§ **Your instructions**
Task for the records below: please copy exactly, and only, the lines from the one containing "伊拉克一名25岁女子顺利产下七胞胎 系该国首例" to the last line, both included, leaving out the pictures.

(Entries taken from a collection)
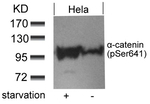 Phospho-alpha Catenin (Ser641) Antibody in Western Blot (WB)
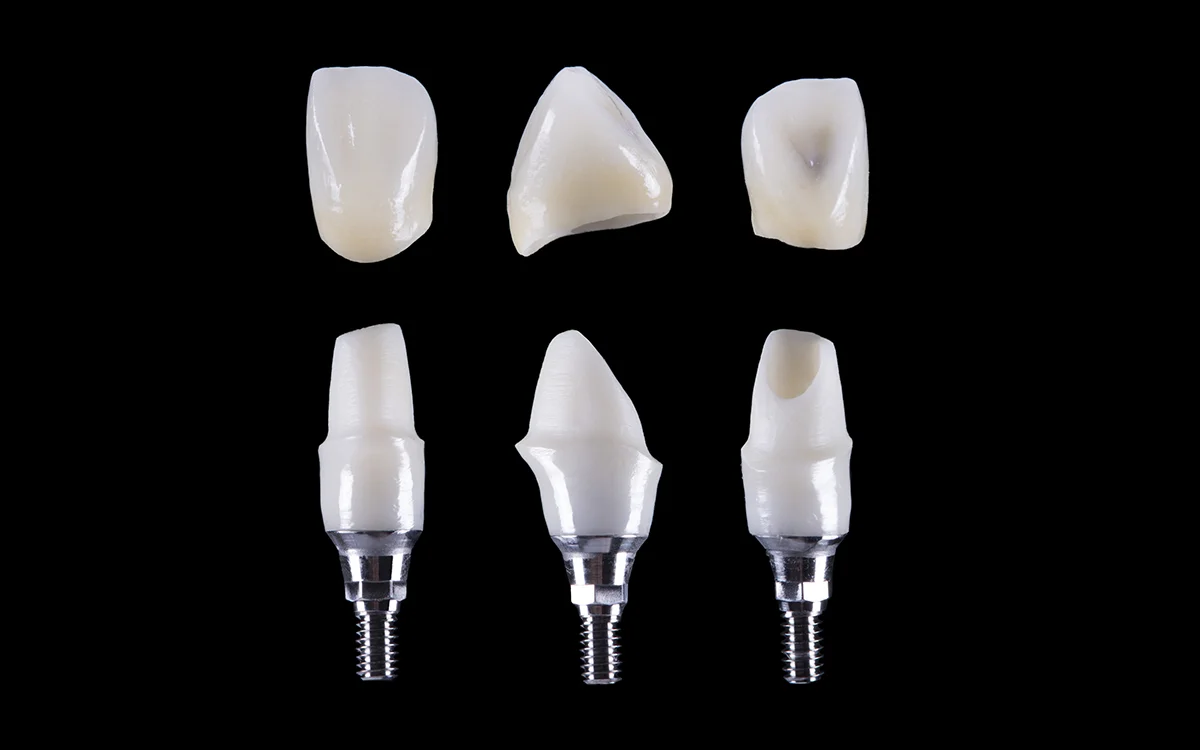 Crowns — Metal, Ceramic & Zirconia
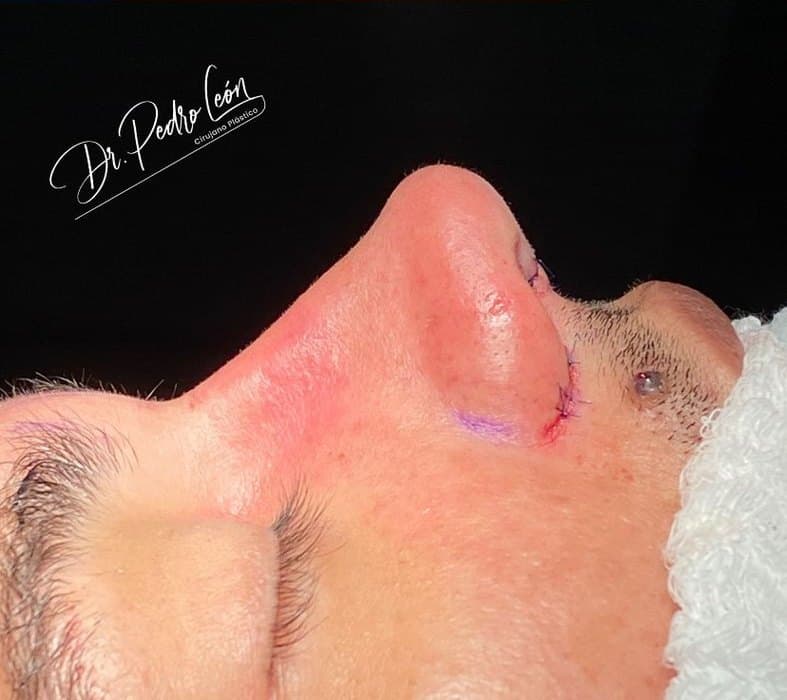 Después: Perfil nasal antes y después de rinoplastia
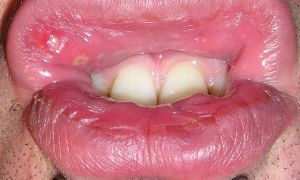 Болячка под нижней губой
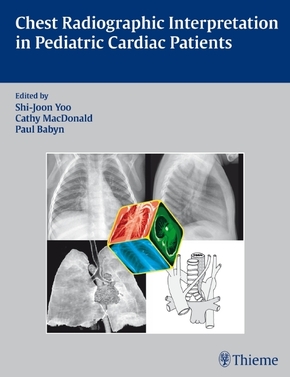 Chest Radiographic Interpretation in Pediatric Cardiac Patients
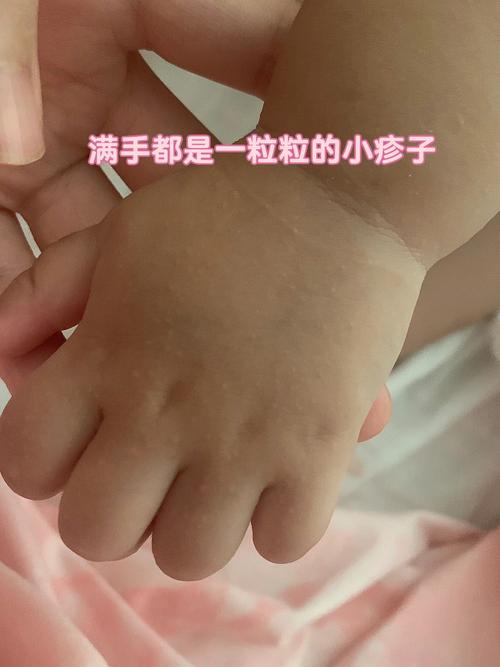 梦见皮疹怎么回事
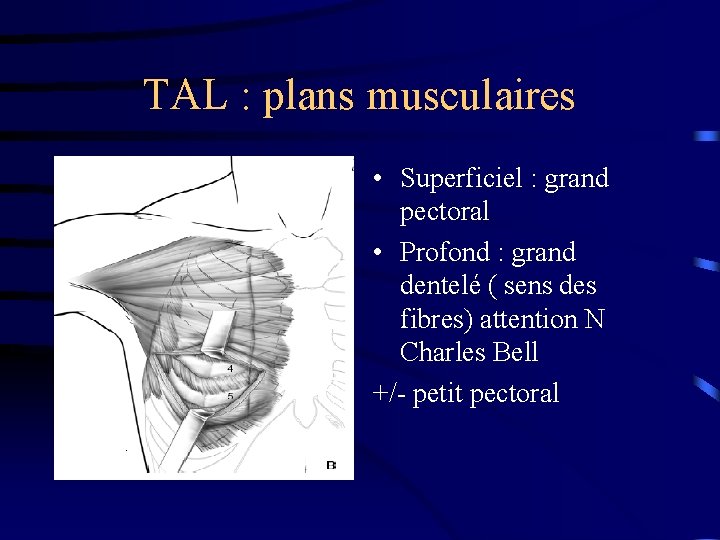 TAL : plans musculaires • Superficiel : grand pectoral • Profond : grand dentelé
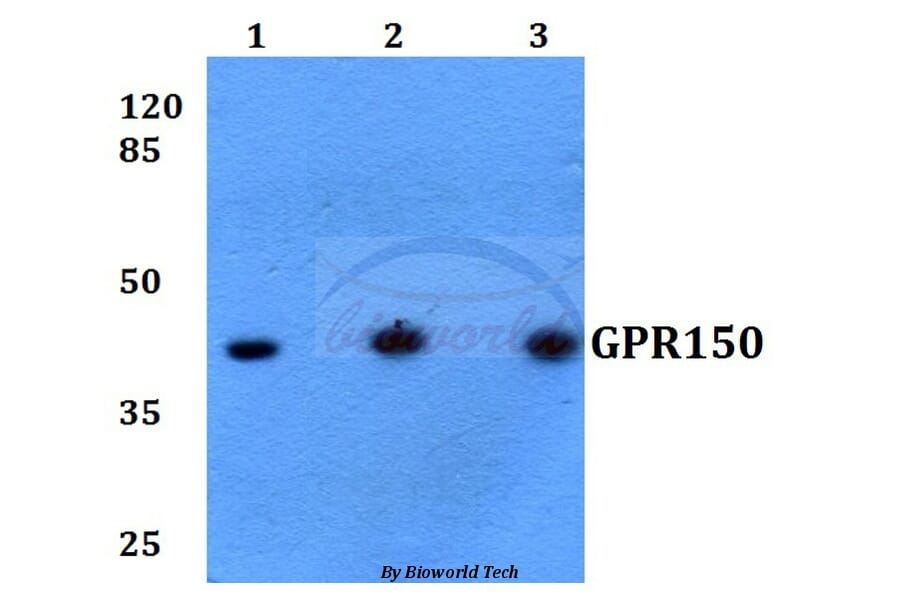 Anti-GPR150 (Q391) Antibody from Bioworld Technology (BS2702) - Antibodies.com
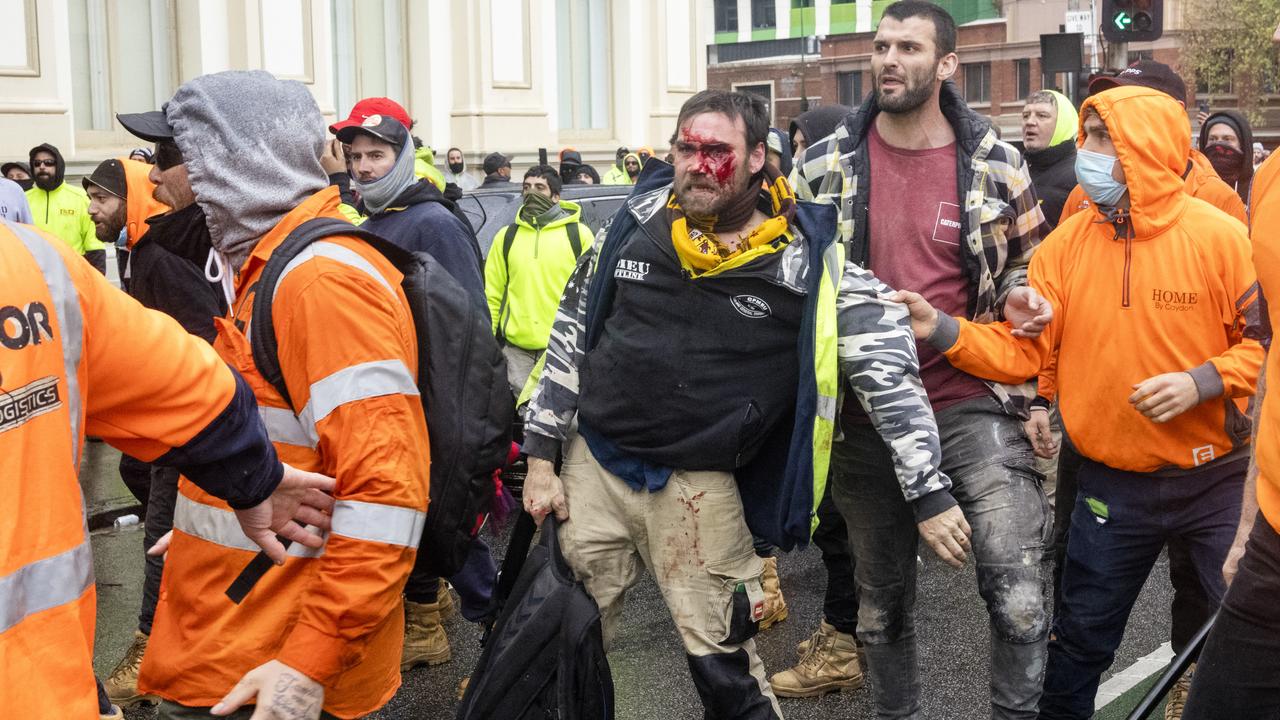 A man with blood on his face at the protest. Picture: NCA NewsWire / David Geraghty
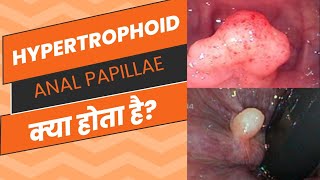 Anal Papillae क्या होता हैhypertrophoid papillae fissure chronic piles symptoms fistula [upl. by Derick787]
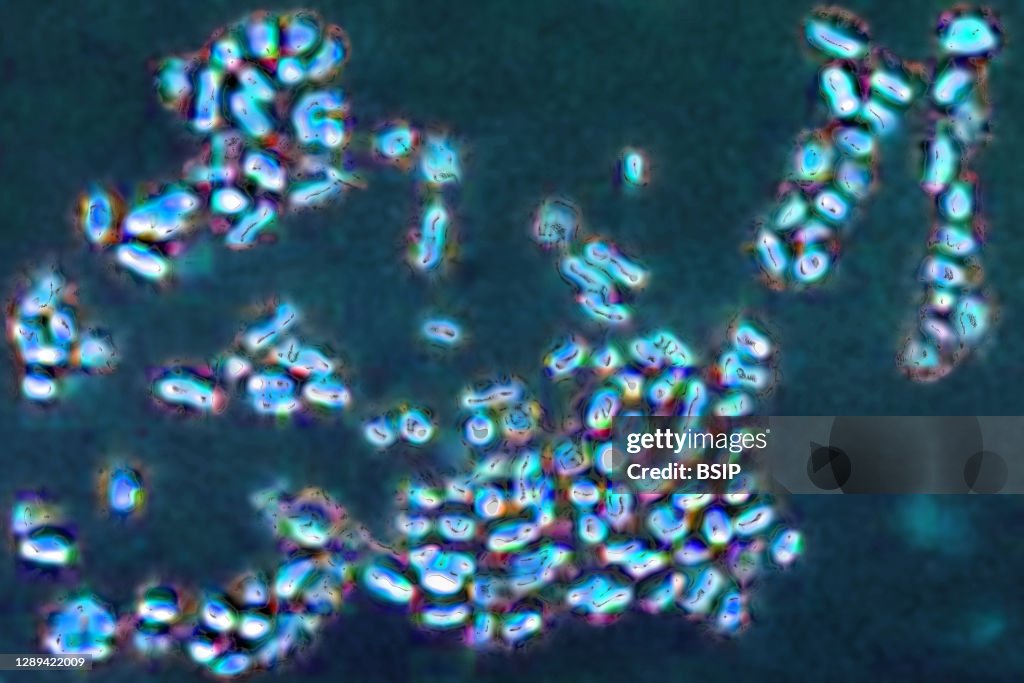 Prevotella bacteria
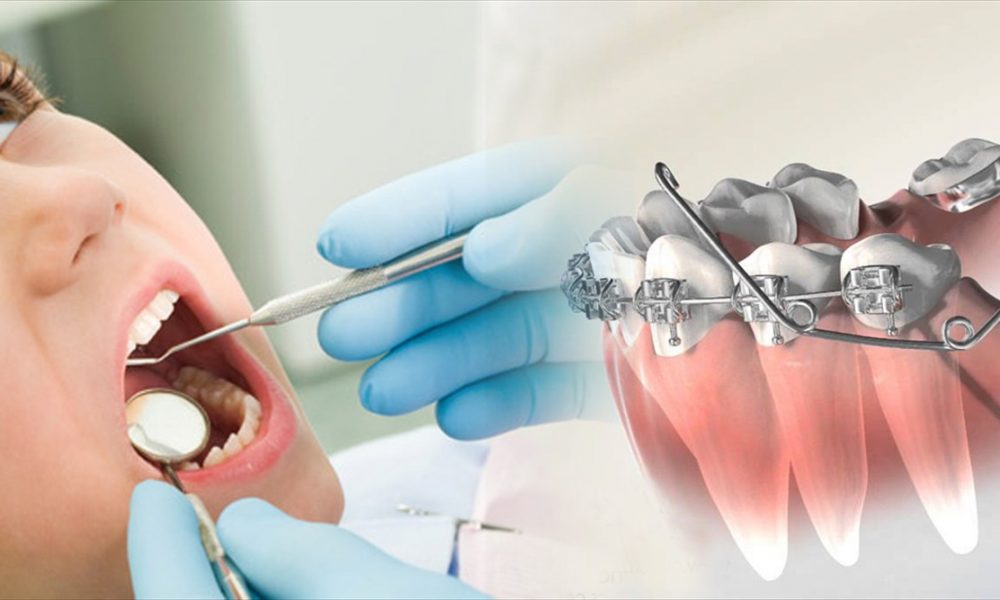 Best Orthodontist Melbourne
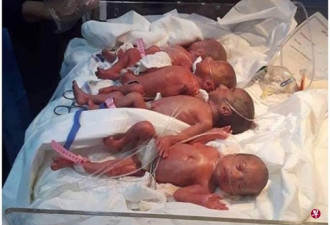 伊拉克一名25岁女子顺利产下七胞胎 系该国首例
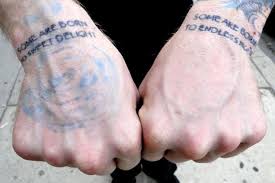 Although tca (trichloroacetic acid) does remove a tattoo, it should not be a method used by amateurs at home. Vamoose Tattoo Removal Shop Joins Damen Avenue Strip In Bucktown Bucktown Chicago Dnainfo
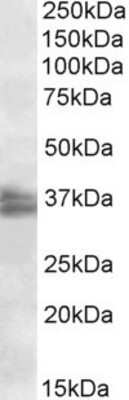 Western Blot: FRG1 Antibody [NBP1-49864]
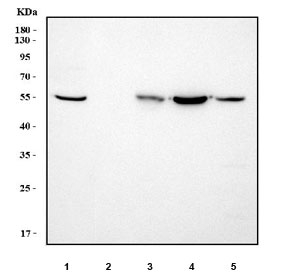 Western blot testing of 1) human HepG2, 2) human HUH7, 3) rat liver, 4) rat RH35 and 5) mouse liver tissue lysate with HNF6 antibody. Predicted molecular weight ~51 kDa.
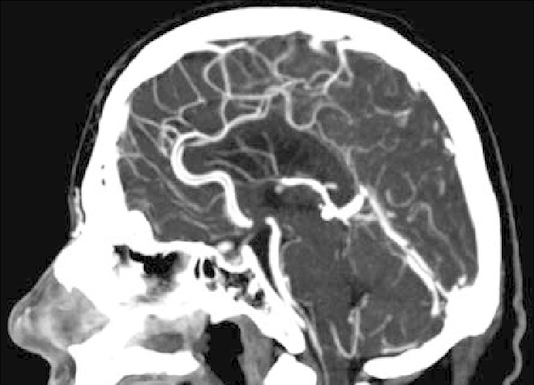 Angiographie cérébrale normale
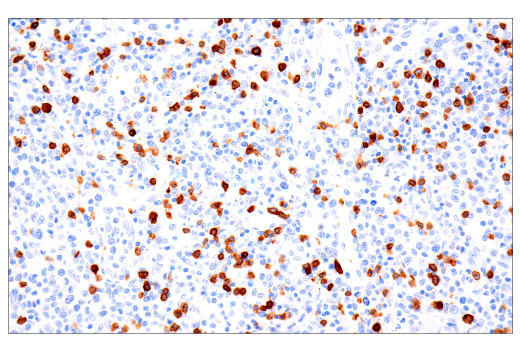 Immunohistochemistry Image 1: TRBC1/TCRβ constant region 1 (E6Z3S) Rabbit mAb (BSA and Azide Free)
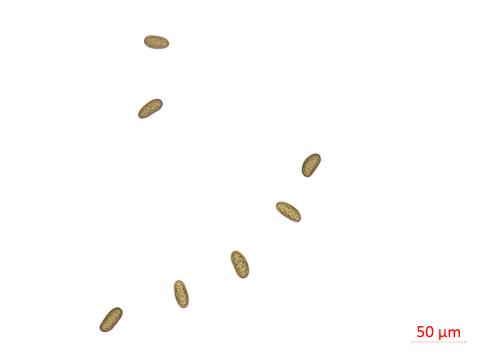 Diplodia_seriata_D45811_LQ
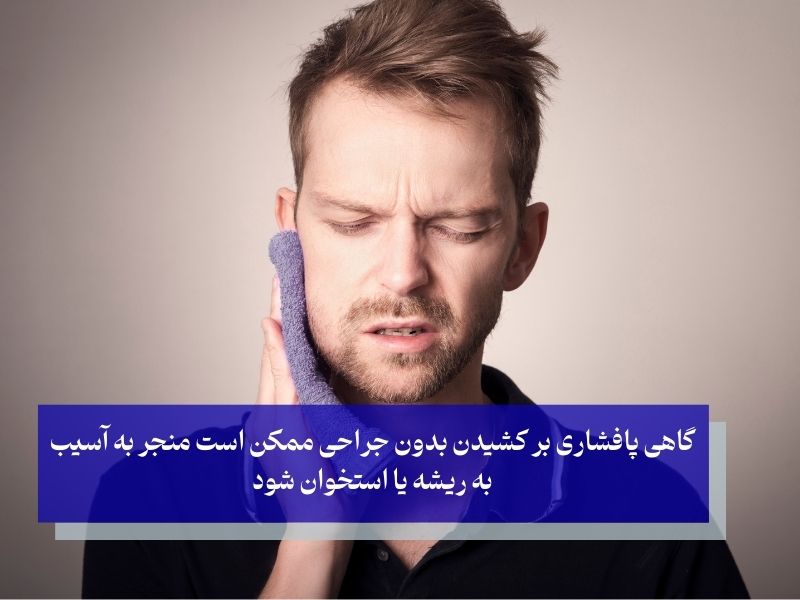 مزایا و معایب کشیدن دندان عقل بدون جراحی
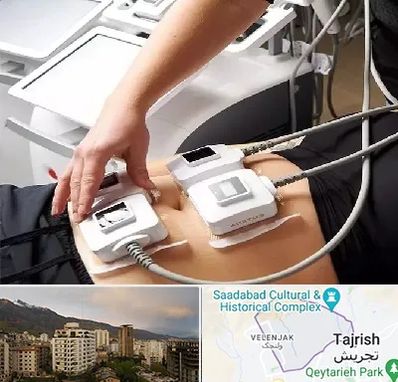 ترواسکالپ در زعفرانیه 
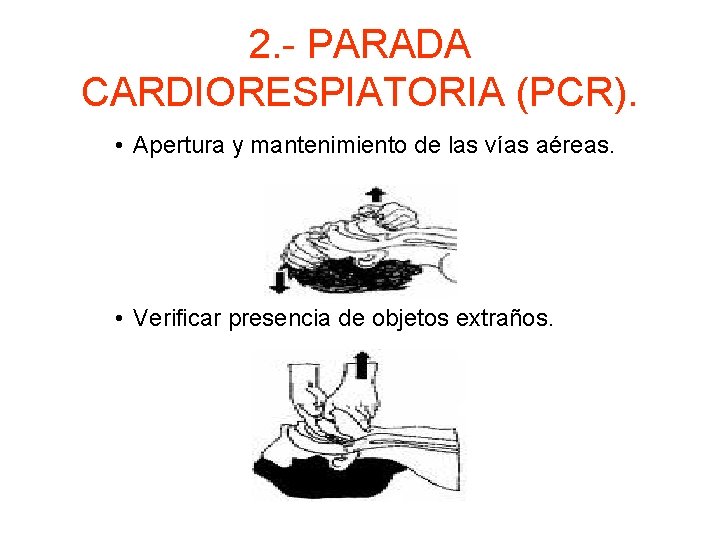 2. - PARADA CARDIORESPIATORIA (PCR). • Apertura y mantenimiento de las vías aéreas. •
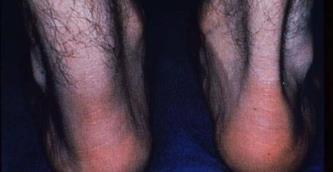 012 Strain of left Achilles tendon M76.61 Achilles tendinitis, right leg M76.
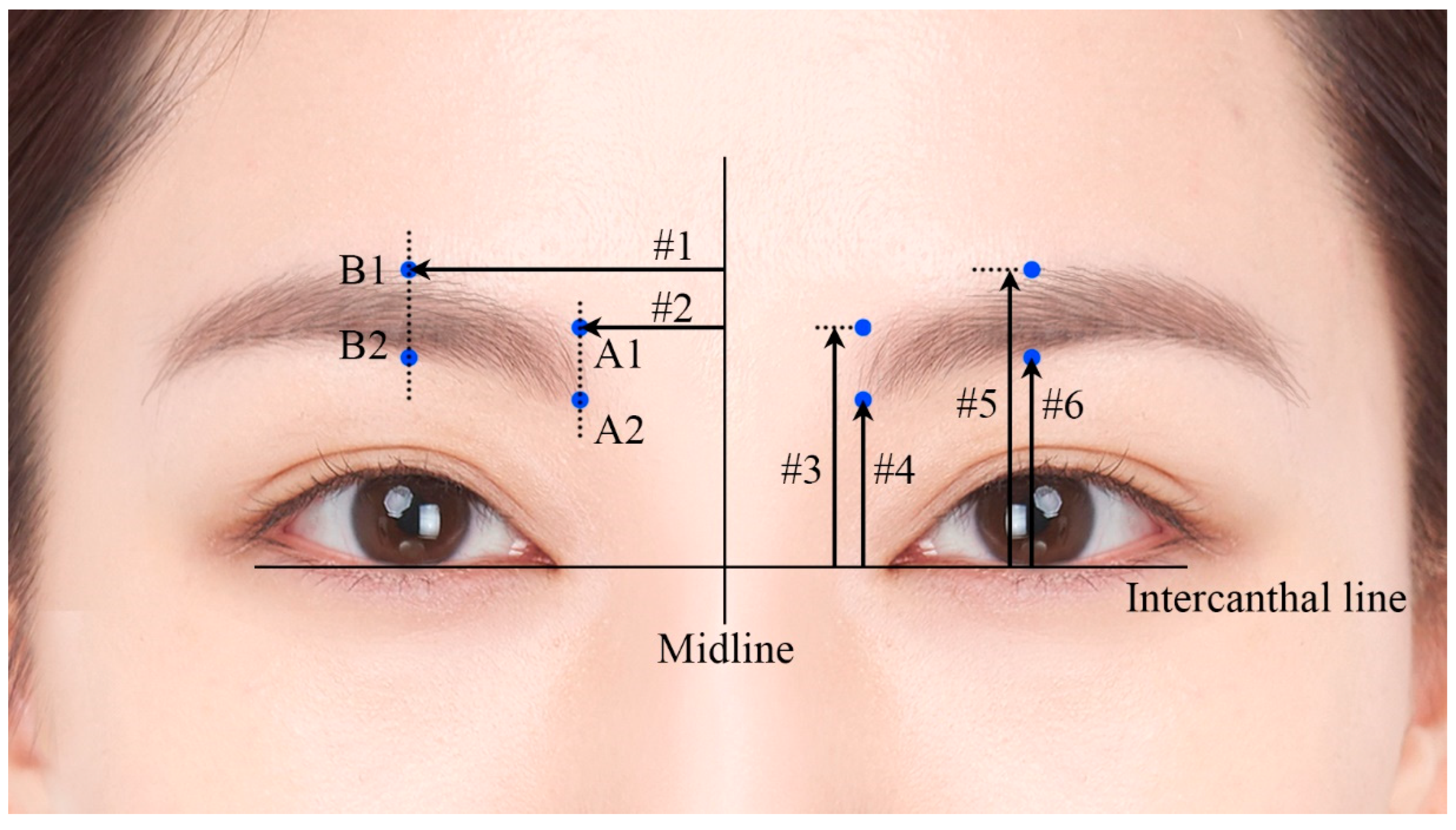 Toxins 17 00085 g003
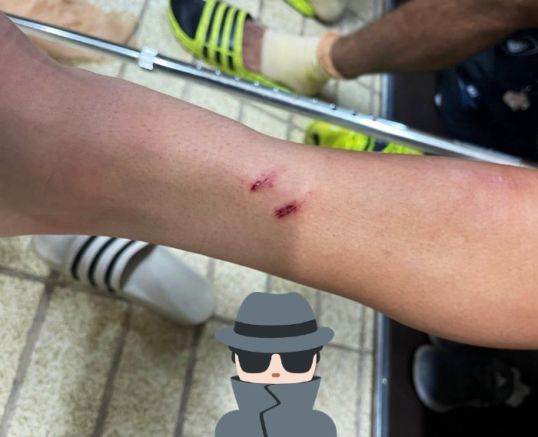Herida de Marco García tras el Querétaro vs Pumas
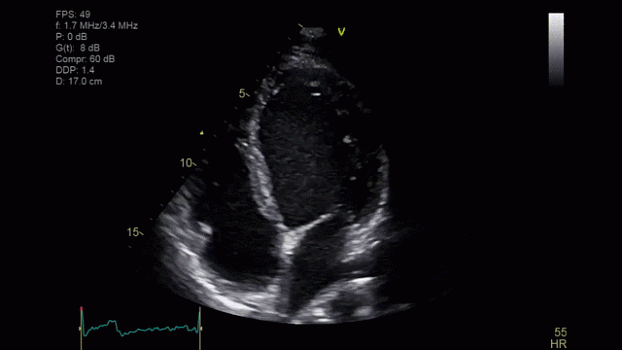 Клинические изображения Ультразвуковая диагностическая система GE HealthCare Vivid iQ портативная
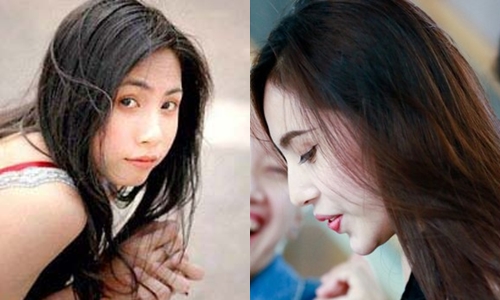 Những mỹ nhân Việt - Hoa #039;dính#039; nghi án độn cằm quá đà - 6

§ **Result for this task**
 伊拉克一名25岁女子顺利产下七胞胎 系该国首例
 Although tca (trichloroacetic acid) does remove a tattoo, it should not be a method used by amateurs at home. Vamoose Tattoo Removal Shop Joins Damen Avenue Strip In Bucktown Bucktown Chicago Dnainfo
 Western Blot: FRG1 Antibody [NBP1-49864]
 Western blot testing of 1) human HepG2, 2) human HUH7, 3) rat liver, 4) rat RH35 and 5) mouse liver tissue lysate with HNF6 antibody. Predicted molecular weight ~51 kDa.
 Angiographie cérébrale normale
 Immunohistochemistry Image 1: TRBC1/TCRβ constant region 1 (E6Z3S) Rabbit mAb (BSA and Azide Free)
 Diplodia_seriata_D45811_LQ
 مزایا و معایب کشیدن دندان عقل بدون جراحی
 ترواسکالپ در زعفرانیه 
 2. - PARADA CARDIORESPIATORIA (PCR). • Apertura y mantenimiento de las vías aéreas. •
 012 Strain of left Achilles tendon M76.61 Achilles tendinitis, right leg M76.
 Toxins 17 00085 g003
Herida de Marco García tras el Querétaro vs Pumas
 Клинические изображения Ультразвуковая диагностическая система GE HealthCare Vivid iQ портативная
 Những mỹ nhân Việt - Hoa #039;dính#039; nghi án độn cằm quá đà - 6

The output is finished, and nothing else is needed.